Let's take a look at the alleged superfood medium-chain triglyceride oil
Would you put oil in your morning coffee if it promised to give you more energy? MCT oil is a so-called superfood that claims to burn fat and kickstart the metabolism of people who incorporate the ingredient into their daily routine. The supercharged fatty acid can be used in recipes from bulletproof coffee to salad dressing. You’ve probably heard the oil mentioned by your coworker who’s doing the Keto diet, but seriously, what is MCT oil?
MCT Oil is a man-made extraction of medium-chain triglycerides from MCT-rich natural sources like palm kernel oil and coconut oil. When incorporated into a diet, the flavorless, odorless, clear liquid has been shown in studies to increase metabolic rate, suppress appetite, burn calories, and even enhance endurance while exercising, all of which can aid in weight-loss and nutrition. As obsession with wellness grows within culture, desire to take supplements like MCT oil to supercharge a diet and exercise plan gains traction.

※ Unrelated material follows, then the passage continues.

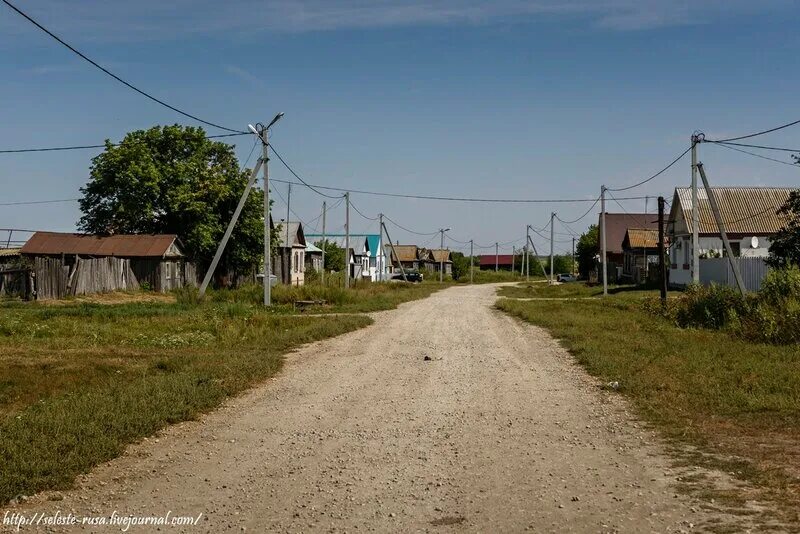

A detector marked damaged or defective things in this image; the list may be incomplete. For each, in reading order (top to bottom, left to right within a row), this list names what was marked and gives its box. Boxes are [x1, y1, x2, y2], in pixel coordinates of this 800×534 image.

Followers of the bulletproof coffee trend likely recall MCT oil’s popularity among admirers of the drink. Based on the practice of replacing breakfast with butter coffee (drip coffee blended with grass-fed butter), some recipes for bulletproof coffee—and the brand that goes by the same name—suggest mixing coffee with a dose of MCT oil along with butter.
While MCT oil devotees view the supplement as a magic elixir of sorts, it’s important to note that there is not a great deal of research on long-term benefits or risks of taking MCT oil at this time.
“People think it’s kind of this savior, but the science is not completely conclusive,” Brooklyn Dietitian Maya Feller told the New York Post. Feller also says that if you have an increased risk of cardiovascular disease or have had a heart attack, you shouldn’t jump to add MCT oil to your routine until more research is available.
While MCT oil’s list of advantages may be attractive, it’s important to consider the inconclusive science behind the ingredient. Just last year, the American Heart Association updated their fat guidelines to remind people that coconut oil—an ingredient hailed by the wellness community as a miracle fat—is packed with saturated fat, and should be eaten sparingly. Of course, there’s no denying that fat is an important component to a balanced diet, but ultimately it's best to consult a doctor or health professional before incorporating a new supplement into your diet.